Berenger Bramas - Inria - berenger.bramas@inria.fr
This project is a small library that provides fast functions to sort arrays of int or double or int[2] using AVX-512. A paper describes the different strategies and has been published in International Journal of Advanced Computer Science and Applications(IJACSA), Volume 8 Issue 10, 2017 http://thesai.org/Publications/ViewPaper?Volume=8&Issue=10&Code=IJACSA&SerialNo=44 and a draft is also available here https://arxiv.org/abs/1704.08579 for the KNL (older report). If you use this software, we would appreciate that you cite the related IJACSA paper.
The branch paper
contains some not very clean files that were used for benchmarks,
wherease the current master branch provides an header only library:
- sort512.hpp : the library that can be directly included in any code to sort integer or double
- sort512kv.hpp : the library that can be directly included in any code to sort key/value pairs of integers
- sort512test.cpp : some unit tests (can be used for examples)
Note that the official repository is https://gitlab.inria.fr/bramas/avx-512-sort
There is a version of this algorithm for ARM SVE here https://gitlab.inria.fr/bramas/arm-sve-sort
- Sort512::Sort(); to sort an array
- Sort512::SortOmp(); to sort in parallel (need openmp)
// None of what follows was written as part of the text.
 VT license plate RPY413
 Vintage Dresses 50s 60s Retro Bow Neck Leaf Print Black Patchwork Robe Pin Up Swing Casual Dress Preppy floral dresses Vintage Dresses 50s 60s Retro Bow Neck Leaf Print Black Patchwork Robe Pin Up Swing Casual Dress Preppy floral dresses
- Sort512::Partition512(); to partition
- Sort512::SmallSort16V(); to sort a small array (should be less than 16 AVX512 vectors)
- Gcc : -mavx512f -mavx512pf -mavx512er -mavx512cd
- Intel : -xCOMMON-AVX512 -xMIC-AVX512
- Gcc : -mavx512f -mavx512cd -mavx512vl -mavx512bw -mavx512dq
- Intel : -xCOMMON-AVX512 -xCORE-AVX512
Use "-march=native -mtune=native" if you are already on the right platform ("native can be replaced by "knl" or "skylake")
In case you want to use the parallel sort, you need to add the flag:
- Gcc : -fopenmp
- Intel : -qopenmp
Anyone can test the code without having a KNL by using the Intel SDE
Please checkout the branch "feature/counters" to have access to counters.